**Assigned task:** Transcribe the data as written, minus images.

(Brief descriptive captions)

|---|

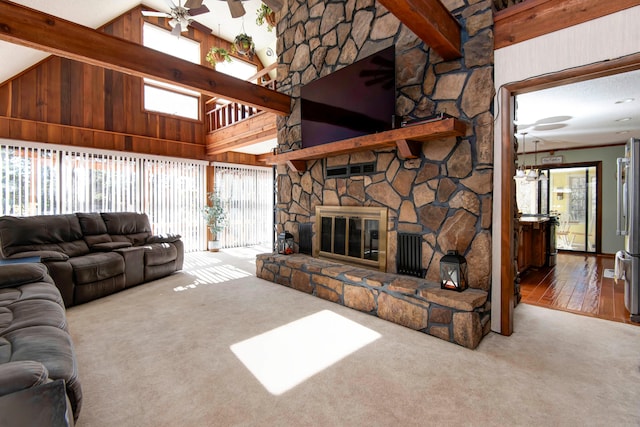 living room featuring beam ceiling, a stone fireplace, high vaulted ceiling, wooden walls, and hardwood / wood-style flooring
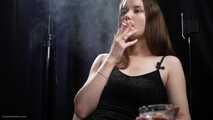 18 aged girl is smoking two 100mm Reds with a lot a nose exhales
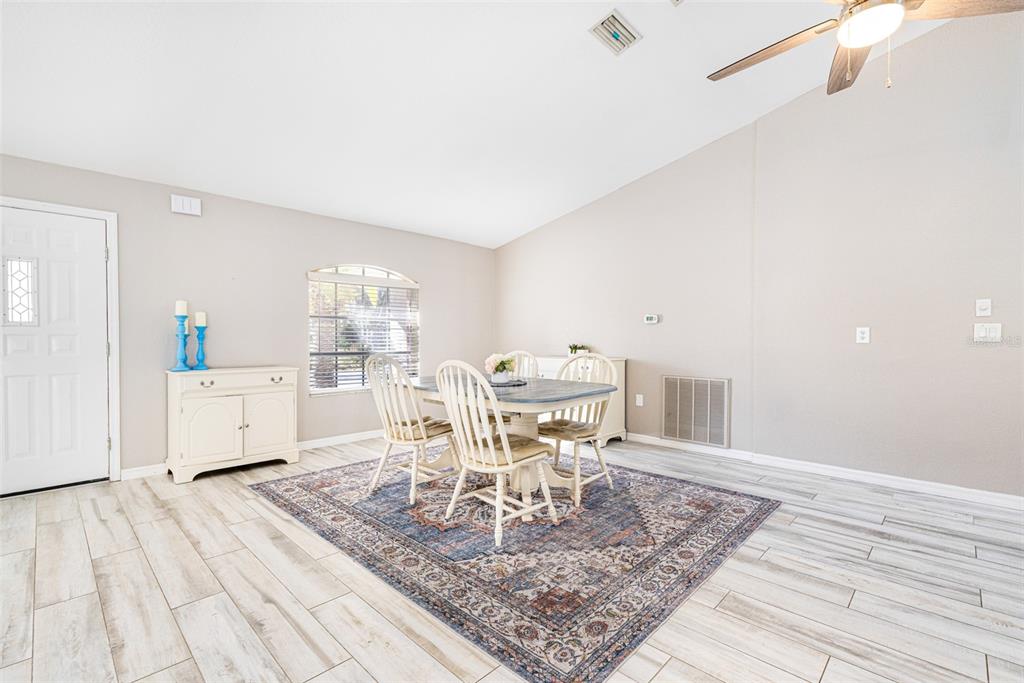 28522 Coco Palm Drive Punta Gorda, FL 33982 - Photo 12 of 54 a view of a dining room with furniture and wooden floor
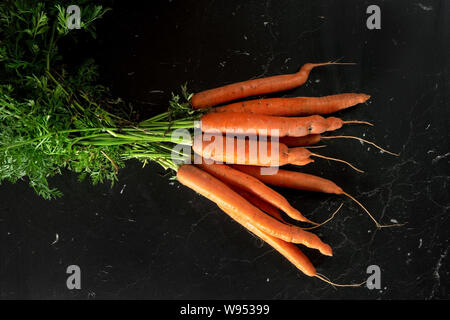 Bündel organische rohe Karotte mit grünen Blättern auf dem Schwarzen Brett, Ansicht von oben Stockfoto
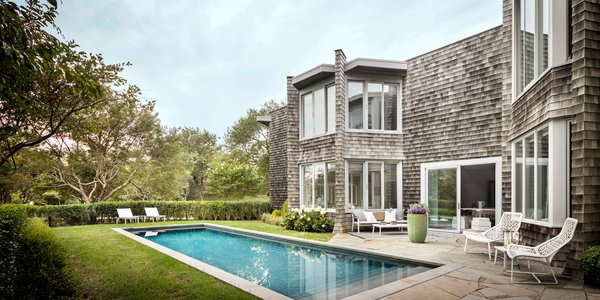 The backyard, which Lauren Rottet completely remodeled with new landscaping and a heated saltwater pool, is the ideal spot to relax on a balmy New England summer day.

|---|

**Expected answer:**
 living room featuring beam ceiling, a stone fireplace, high vaulted ceiling, wooden walls, and hardwood / wood-style flooring
 18 aged girl is smoking two 100mm Reds with a lot a nose exhales
 28522 Coco Palm Drive Punta Gorda, FL 33982 - Photo 12 of 54 a view of a dining room with furniture and wooden floor
 Bündel organische rohe Karotte mit grünen Blättern auf dem Schwarzen Brett, Ansicht von oben Stockfoto
 The backyard, which Lauren Rottet completely remodeled with new landscaping and a heated saltwater pool, is the ideal spot to relax on a balmy New England summer day.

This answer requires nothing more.